Ramón Horcajada

Edeumonía

Ramón Horcajada


Desconcierto en las aulas

02/12/2022

Llevo veinticinco años en la enseñanza y he vivido cuatro leyes educativas distintas, todas con una característica común: era peor que la anterior. Si hoy preguntan qué es ser un buen arquitecto, un buen médico, un buen mecánico o un buen camarero, todos lo sabríamos, pero nadie sabe ya qué es ser un buen profesor. Esto es lo único que se ha conseguido con tanta broza, crear tal confusión que ya no se sabe qué es enseñar y qué es aprender.
Cuando no hay contenido, se busca la forma vacía de la apariencia. Así me enseñaron a ver las cosas quienes han sido mis maestros a lo largo de la vida. Y es verdad. Por eso, cuando no se sabe enseñar ni qué enseñar, se crea el oficio de la pedagogía. Igual que cuando ya no se sabe cómo educar ni en qué educar nos inventamos la figura del educador. Todo es formalismo sin contenidos, metafísica de la metafísica para no saber qué se está diciendo.
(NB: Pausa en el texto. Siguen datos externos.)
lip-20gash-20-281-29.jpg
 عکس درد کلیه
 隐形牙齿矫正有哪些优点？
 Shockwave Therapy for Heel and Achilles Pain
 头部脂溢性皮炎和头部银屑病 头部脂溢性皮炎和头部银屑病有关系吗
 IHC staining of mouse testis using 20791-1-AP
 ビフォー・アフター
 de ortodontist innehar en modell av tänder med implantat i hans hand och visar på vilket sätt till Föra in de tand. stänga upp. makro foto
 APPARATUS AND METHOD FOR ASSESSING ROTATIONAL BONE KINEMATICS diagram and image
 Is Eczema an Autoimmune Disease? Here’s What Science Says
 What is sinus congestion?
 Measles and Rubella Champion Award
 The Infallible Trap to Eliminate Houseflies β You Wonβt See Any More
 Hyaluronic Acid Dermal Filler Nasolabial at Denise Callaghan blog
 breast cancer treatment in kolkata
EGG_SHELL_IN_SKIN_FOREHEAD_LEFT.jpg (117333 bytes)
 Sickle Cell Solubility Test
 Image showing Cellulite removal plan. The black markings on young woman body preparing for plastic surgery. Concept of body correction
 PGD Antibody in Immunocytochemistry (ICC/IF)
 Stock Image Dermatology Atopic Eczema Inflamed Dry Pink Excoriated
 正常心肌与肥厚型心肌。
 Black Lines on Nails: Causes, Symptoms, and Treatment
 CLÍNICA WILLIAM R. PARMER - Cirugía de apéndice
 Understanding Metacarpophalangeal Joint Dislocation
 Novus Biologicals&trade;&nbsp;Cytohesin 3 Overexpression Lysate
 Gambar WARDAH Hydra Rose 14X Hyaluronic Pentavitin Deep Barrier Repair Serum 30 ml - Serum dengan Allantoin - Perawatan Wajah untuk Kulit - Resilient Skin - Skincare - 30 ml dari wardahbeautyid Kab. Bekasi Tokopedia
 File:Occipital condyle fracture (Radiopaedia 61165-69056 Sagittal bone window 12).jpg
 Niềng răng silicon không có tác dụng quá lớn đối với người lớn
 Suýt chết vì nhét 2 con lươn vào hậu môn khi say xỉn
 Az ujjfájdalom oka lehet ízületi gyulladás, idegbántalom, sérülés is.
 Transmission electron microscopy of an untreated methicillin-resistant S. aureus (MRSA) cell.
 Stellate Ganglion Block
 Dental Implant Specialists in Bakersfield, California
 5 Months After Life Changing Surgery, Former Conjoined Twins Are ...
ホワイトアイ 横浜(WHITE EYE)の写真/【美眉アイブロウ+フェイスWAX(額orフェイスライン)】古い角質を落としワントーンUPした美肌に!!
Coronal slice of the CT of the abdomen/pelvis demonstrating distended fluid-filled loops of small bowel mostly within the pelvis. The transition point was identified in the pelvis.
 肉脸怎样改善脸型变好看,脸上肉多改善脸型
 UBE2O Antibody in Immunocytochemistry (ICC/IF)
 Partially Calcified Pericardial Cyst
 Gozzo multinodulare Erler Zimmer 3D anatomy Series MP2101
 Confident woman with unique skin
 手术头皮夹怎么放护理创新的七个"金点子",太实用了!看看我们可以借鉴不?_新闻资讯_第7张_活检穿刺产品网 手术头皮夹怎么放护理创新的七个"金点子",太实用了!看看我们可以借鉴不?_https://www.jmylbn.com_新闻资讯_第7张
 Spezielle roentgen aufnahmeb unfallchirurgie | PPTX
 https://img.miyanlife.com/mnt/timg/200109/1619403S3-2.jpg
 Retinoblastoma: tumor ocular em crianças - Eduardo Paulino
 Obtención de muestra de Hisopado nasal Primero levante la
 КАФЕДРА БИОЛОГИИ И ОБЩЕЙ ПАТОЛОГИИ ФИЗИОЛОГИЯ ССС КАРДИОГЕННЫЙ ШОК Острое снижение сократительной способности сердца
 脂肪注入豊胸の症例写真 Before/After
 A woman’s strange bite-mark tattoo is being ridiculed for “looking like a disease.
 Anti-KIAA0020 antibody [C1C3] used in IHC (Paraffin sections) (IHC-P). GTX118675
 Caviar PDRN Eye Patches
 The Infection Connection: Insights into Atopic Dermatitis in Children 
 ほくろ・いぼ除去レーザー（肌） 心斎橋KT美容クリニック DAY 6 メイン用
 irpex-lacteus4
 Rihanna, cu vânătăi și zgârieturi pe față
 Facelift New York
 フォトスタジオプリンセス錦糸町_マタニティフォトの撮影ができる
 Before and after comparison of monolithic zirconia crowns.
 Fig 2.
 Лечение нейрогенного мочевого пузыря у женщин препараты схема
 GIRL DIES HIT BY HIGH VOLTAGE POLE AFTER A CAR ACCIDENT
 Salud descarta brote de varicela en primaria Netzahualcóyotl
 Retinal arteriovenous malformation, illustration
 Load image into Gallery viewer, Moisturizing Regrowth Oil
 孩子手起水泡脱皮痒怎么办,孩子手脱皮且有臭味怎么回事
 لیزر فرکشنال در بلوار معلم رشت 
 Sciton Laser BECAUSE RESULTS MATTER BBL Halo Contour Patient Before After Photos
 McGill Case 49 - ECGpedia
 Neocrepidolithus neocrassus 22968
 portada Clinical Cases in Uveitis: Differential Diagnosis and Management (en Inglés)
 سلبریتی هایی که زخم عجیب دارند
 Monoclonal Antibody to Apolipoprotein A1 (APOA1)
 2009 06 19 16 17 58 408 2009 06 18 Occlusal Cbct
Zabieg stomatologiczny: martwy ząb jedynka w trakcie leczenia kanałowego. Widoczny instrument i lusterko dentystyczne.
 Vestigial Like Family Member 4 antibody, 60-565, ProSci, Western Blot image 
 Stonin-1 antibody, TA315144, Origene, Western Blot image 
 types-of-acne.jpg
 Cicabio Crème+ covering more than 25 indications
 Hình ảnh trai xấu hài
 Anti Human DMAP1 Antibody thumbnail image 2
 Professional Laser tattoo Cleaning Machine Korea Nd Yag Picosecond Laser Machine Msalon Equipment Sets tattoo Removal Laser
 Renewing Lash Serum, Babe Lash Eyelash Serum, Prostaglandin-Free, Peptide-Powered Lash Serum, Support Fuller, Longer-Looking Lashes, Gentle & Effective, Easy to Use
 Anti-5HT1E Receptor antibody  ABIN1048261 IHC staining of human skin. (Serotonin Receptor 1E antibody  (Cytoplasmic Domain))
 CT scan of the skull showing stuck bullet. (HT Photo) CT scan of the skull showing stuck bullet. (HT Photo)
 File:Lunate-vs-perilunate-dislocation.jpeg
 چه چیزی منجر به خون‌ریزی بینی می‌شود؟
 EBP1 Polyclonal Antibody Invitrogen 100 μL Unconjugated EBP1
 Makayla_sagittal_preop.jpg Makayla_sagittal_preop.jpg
Cojan ustedes la nueva ley educativa y verán de lo que hablo. Nadie, absolutamente nadie de mi entorno entiende ni una sola palabra. De lo que hablamos es de que miles de docentes están pasando horas y horas intentando descifrar el enigma de cómo poder llegar a poner una nota a un alumno. Nos hemos vuelto locos. 
En relación a lo anterior, a lo largo de estos años he visto cómo el Ministerio de Educación pasaba de evaluar por «conceptos, procedimientos y actitudes» a evaluar por «estándares» y ahora a evaluar por «competencias que empiezan en un perfil de salida del alumno, el cual marca dichas competencias y sus descriptores operativos». Es imposible que en tan poco tiempo se pueda demostrar el éxito o el fracaso de cada una de esas opciones. Y es que la educación se ha convertido en un laboratorio en el que experimentar lo que al que está en el poder le apetezca en nombre de teorías ni contrastadas ni comprobadas. Detrás de ellas sólo hay ideología, el auténtico cáncer de nuestra sociedad.
Jamás se ha invertido tanto en educación, en recursos, en materiales y en todo lo que queramos, jamás los cursos han durado tanto como ahora y, sin embargo, es la época en la que más frustración se percibe en el profesorado y en la que el conocimiento del alumnado es más ridículo. ¿Todo en nombre de qué? No lo sé, la verdad. 
Asistimos, junto a la concreción de la nueva ley, a un proceso de digitalización ya sin freno que está suponiendo millones de euros para el Estado. Pero es una gran contradicción hablar de digitalización cuando los contenidos dejan de existir y se reducen al máximo. La digitalización por la digitalización acaba en el vacío. Las nuevas «situaciones de aprendizaje» evitan la asunción de contenidos, con lo que el problema es qué es lo que hay que digitalizar. Un ejemplo: la «situación de aprendizaje» de primero de Bachillerato de Latín en la que se aconseja comparar el peinado y la moda de Roma con un desfile de moda actual y que el alumnado acabe reflexionando sobre los hábitos de vida saludables. Insisto, primero de Bachillerato de Latín. ¿Supone la digitalización que el alumnado presente algo sobre esto en un PowerPoint o en un Prezzi? ¿Tanto para esto? Puro vacío, digitalización de la nada.  
Todo este espíritu ha ido materializándose en situaciones tan dantescas como que numerosos alumnos resuelven en septiembre no comprar el libro de una asignatura porque han decidido ya en ese momento «dejársela». Si van a recibir el título con dos materias suspensas, aunque sea con un cero, siempre que se demuestre que no ha habido abandono (han leído bien, sí), ellos mismos ya han decidido qué asignaturas suspender. El curso pasado ya hemos vivido la misma situación en Bachillerato: la entrega del título con un uno o un dos en alguna materia del currículo. ¿Qué se esconde detrás de esto? Considero un argumento simplista el que dan algunos, el de crear borregos para manejarlos mejor. Quizás sea cierto, pero creo que lo que se esconde detrás es más profundo y es un concepto de justica que no tiene nada que ver con ella. No hay concepto de justicia que aguante semejante despropósito. Detrás de ese concepto de justicia no existe un concepto real de persona, busca enemigos donde no los hay y ha degradado los valores más importantes por los que puede moverse un ser humano. 
Triste futuro el que veo en todos estos temas. Sólo me cabe una pequeña esperanza, como siempre digo, y es la de que cuando pienso en aquellos que dentro de ochenta o noventa años miren a nuestra época, me los imagino desternillándose de risa.